# Work required:
Transcribe, word for word and without additions, each line below from the one containing "Sports Research, Sweet" through the one containing "Chalecos Gymshark Sharkhead", both ends included.

# Given data:
----------
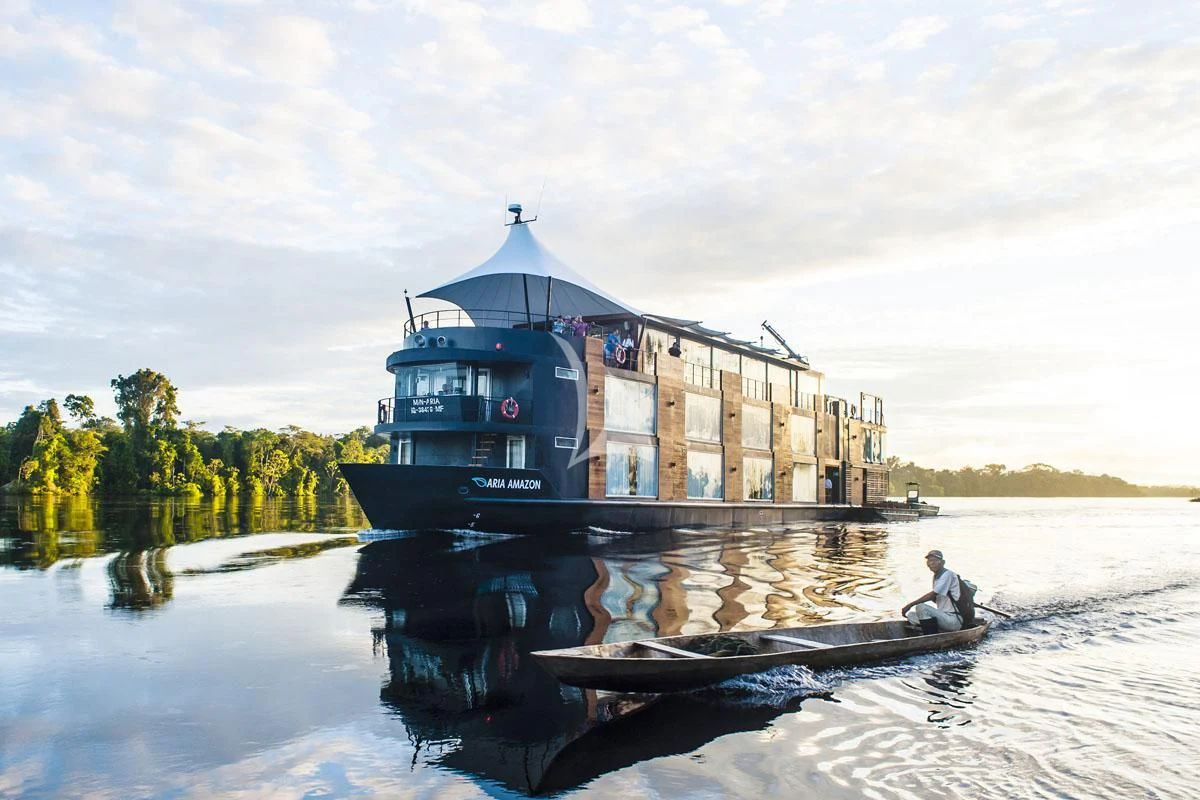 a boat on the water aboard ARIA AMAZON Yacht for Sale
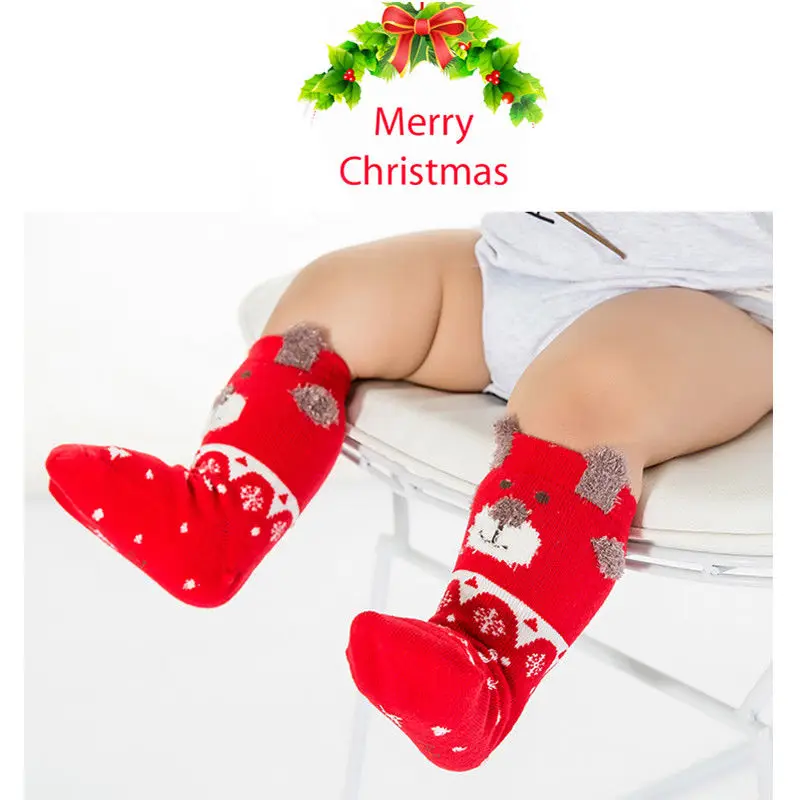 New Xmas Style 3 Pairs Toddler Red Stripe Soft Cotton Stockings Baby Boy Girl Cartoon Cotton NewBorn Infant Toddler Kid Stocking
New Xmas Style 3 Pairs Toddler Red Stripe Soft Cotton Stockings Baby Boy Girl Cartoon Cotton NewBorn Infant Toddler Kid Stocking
----------
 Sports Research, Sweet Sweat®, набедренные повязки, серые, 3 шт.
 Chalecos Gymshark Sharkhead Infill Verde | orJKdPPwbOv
----------
# Answer to this exercise:
 Sports Research, Sweet Sweat®, набедренные повязки, серые, 3 шт.
 Chalecos Gymshark Sharkhead Infill Verde | orJKdPPwbOv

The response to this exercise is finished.